4) En l'espèce, pour déterminer si la mesure telle qu'elle a été délimitée par le commissaire de police, puis réduite dans son étendue et sa durée par le TAPI, respecte le principe de la proportionnalité, il convient de prendre en considération les éléments suivants.

L'intimé, qui séjourne de manière illégale en Suisse, a à plusieurs reprises été condamné pour infraction à la LStup. En dernier lieu, il a été interpellé, le 26 mai 2020, et la perquisition effectuée à son lieu de résidence a révélé la présence de haschich, cocaïne et de marijuana. L'intimé a, en outre, indiqué qu'il était lui-même consommateur de stupéfiants. Il y a ainsi lieu de retenir qu'il présente une menace non négligeable pour la sécurité et l'ordre publics, notamment au regard du risque de nouvelles infractions à la LStup.

L'intimé est sans ressources. Il a déclaré au TAPI que son amie le logeait. Le TAPI, qui a procédé à l'audition de cette dernière, n'a d'aucune manière mis en doute la réalité de la relation que celle-ci entretient avec l'intimé. Mme E______ est titulaire d'un permis C et domiciliée en Ville de Genève, dans le quartier de Plainpalais. Elle a déclaré qu'elle pourvoyait à l'entretien de l'intimé, qui s'occupait du ménage et de la cuisine. Par ailleurs, des démarches actives sont en cours auprès de l'OCPM depuis début mars 2020 pour examiner le droit de l'intimé d'obtenir une autorisation de séjour en vue de mariage.

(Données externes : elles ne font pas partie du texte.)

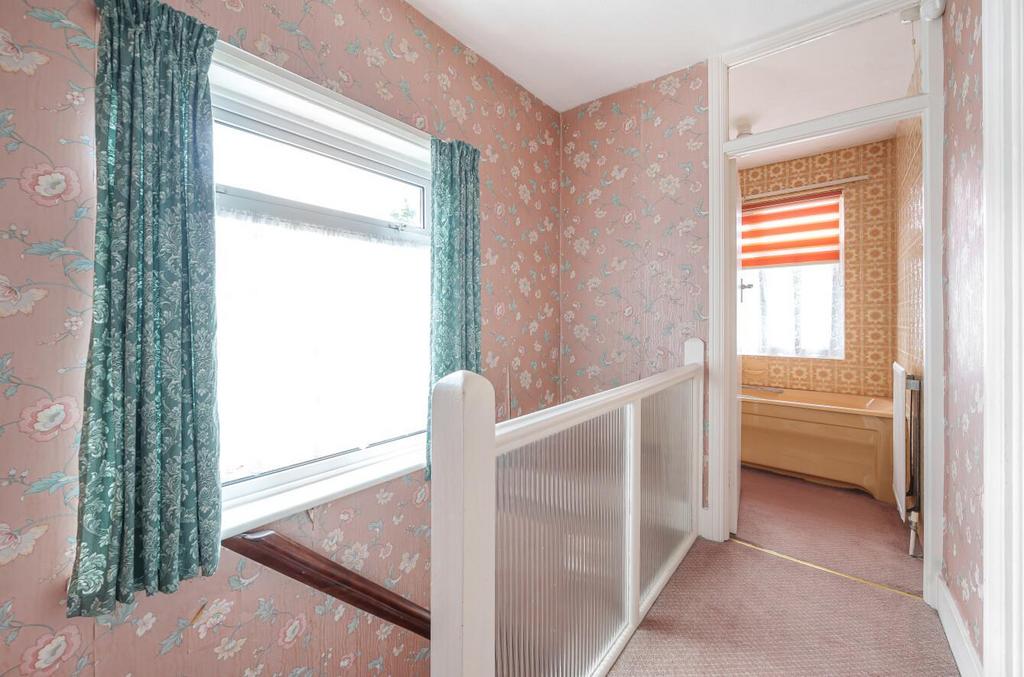 Davidson Frost-Wellings, DFW, Tiverton Road, Edgwa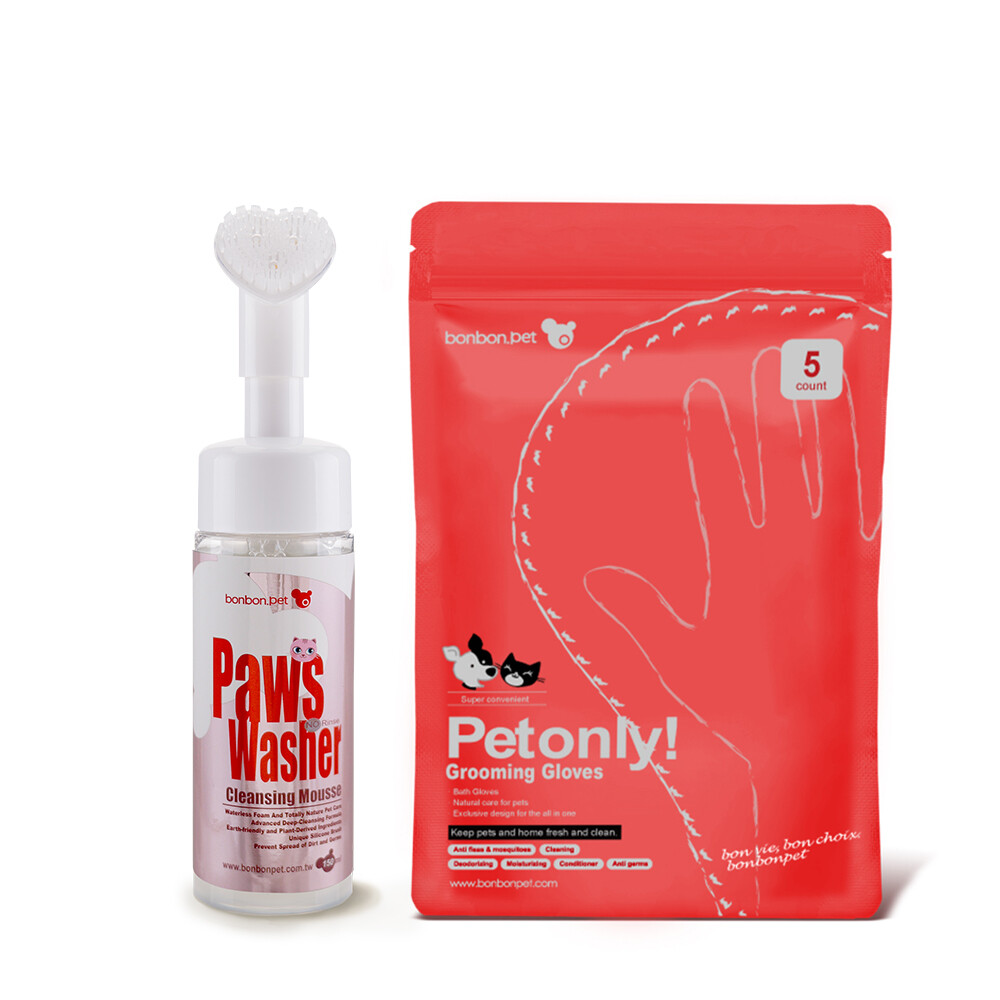 ◎ 歐洲進口普羅旺斯玫瑰精油，鎮靜紅腫和發炎，敏感肌有救！ ◎ 單手按壓刷洗，深層清潔快速有效，腳掌、下巴粉刺、沾便尾巴、哪裡髒洗哪裡 ◎不刺激的寵物弱酸配方，超安全，清潔、除臭、驅蚤、抑菌、皮毛保護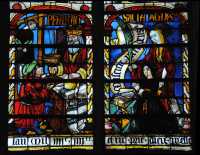 12 Le grand échanson parle de Joseph au pharaon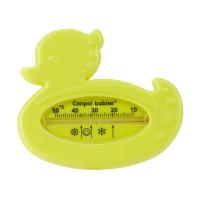 foto термометр для води canpol babies качка від народження, зелений (2/781)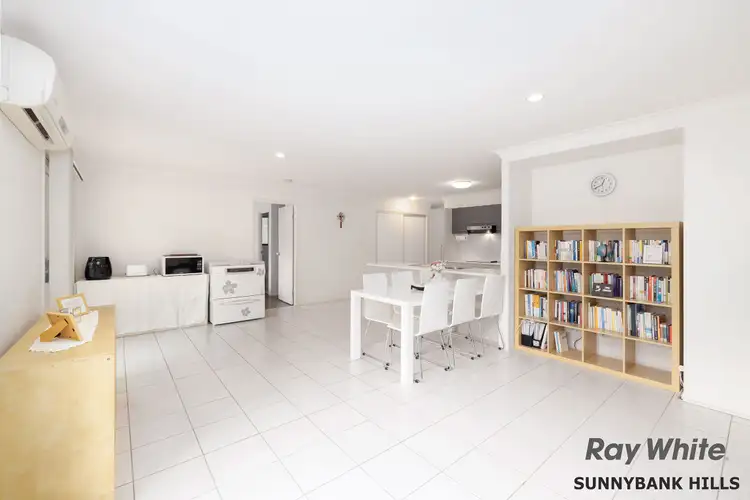 Fourth view of Homely townhouse listing, 12/25 Neiwand Street, Calamvale QLD 4116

Au vu ces éléments, le fait de cibler la mesure d'éloignement, comme l'a fait le TAPI, en la délimitant au centre-ville, qui constitue un lieu notoire de trafic de stupéfiants (ATA/1129/2019 du 4 juillet 2019 consid. 6; ATA/742/2018 du 13 juillet 2018 consid. 5), est en adéquation avec les fins de sécurité et d'ordre publics poursuivies par l'intimé. En aménageant un trajet permettant à l'intimé de se rendre au domicile de sa compagne, qui se trouve dans le périmètre interdit, la mesure tient dûment compte de la relation amoureuse que l'intéressé entretient avec son amie qui l'héberge. Le recourant soutient que l'intimé pourrait être logé dans un centre pour requérants d'asile déboutés, qui se trouve en-dehors du centre-ville, et que le couple pourrait continuer à se fréquenter dans ce centre. Or, la mesure prononcée par le commissaire de police n'assigne pas à l'intimé un lieu de logement (comme le permet par exemple l'art. 28 de la loi sur l'asile du 26 juin 1998 - LAsi - RS 142.31) ; elle lui interdit un périmètre. Le raisonnement du recourant revient ainsi à modifier la mesure prononcée, en y rajoutant une assignation à un logement. Cette manière de faire modifie l'objet du litige, à savoir l'interdiction de périmètre, ce qui n'est pas admissible (ATA/563/2020 du 9 juin 2020 consid. 2; ATA/369/2020 du 16 avril 2020 consid. 3b). Quoi qu'il en soit, la réalité de la relation intime entretenue par l'intimé étant établie, il serait disproportionné de lui interdire l'accès au domicile de son amie.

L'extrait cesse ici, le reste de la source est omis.